*** Opening Extracted entries ***
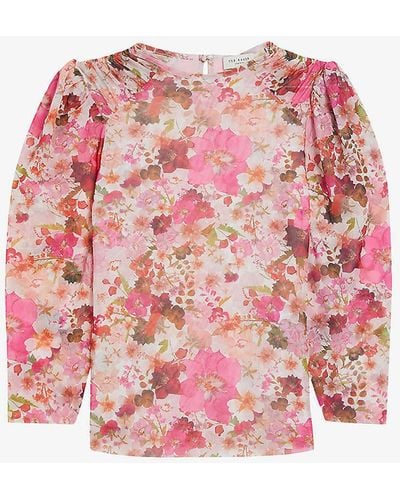 Ted Baker Pressed Flower-print Puff-sleeve Stretch-mesh Top - Pink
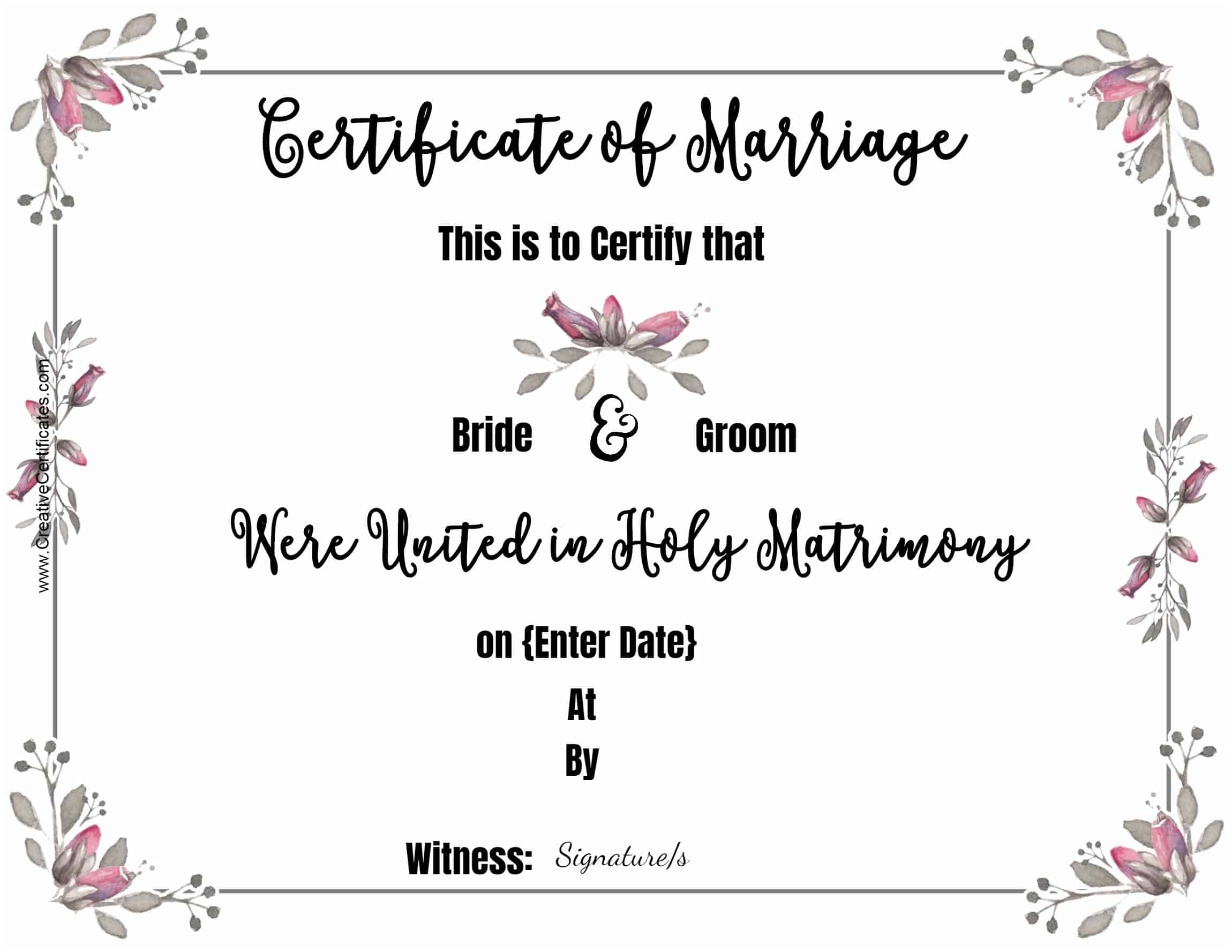 free marriage certificate template customize online then print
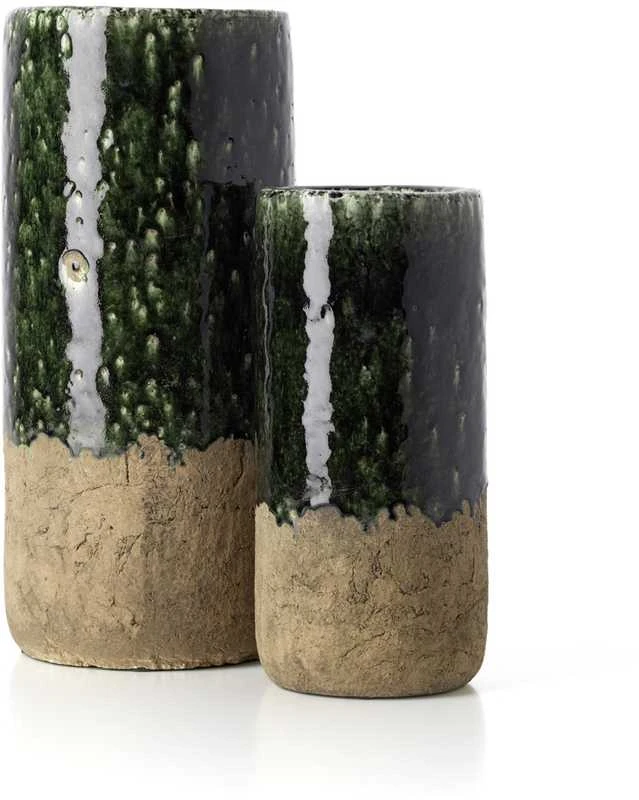 Bazaar Vaza, The Moss Cylinder, 18x18x38 cm, Žalia, Akmens keramika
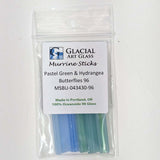 A package of pastel green and hydrangea butterfly sticks from Glacial Art Glass, made in Portland, Oregon, and 100% oceanside 96 glass.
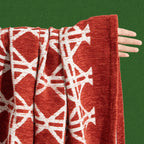 G 9017 Red Checkered Velvet Sofa Cover | Luxury Plaid Couch Cover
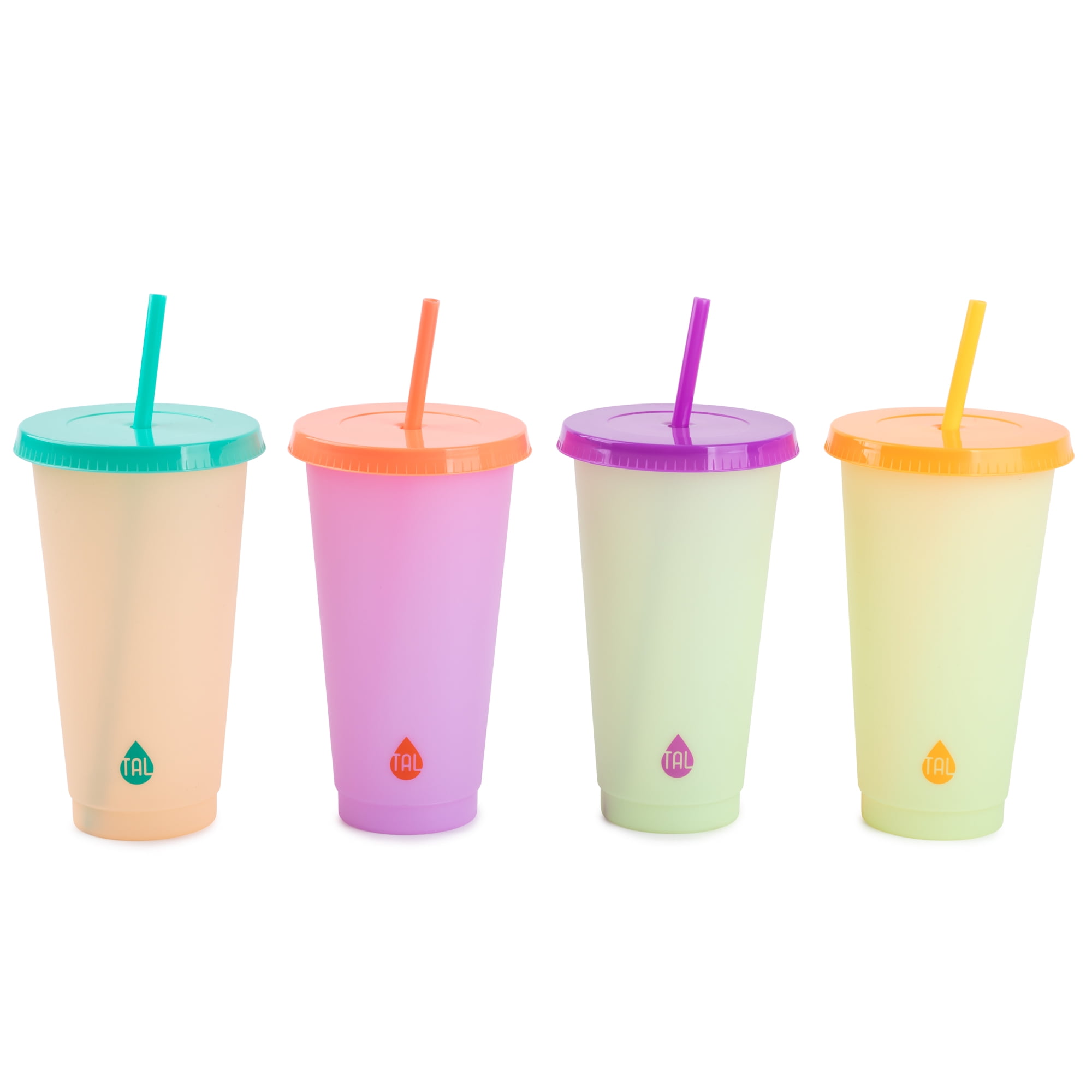 Tal Color Changing Tumblers Straw Set 24oz 4 Pack Cold Cups & Lids 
*** Closing Extracted entries ***
**What to produce:**
The required answer is every line from the one containing "G 9017 Red Checkered" through the last line of the entries, restated word for word and with no pictures.

**Answer to the exercise:**
 G 9017 Red Checkered Velvet Sofa Cover | Luxury Plaid Couch Cover
 Tal Color Changing Tumblers Straw Set 24oz 4 Pack Cold Cups & Lids 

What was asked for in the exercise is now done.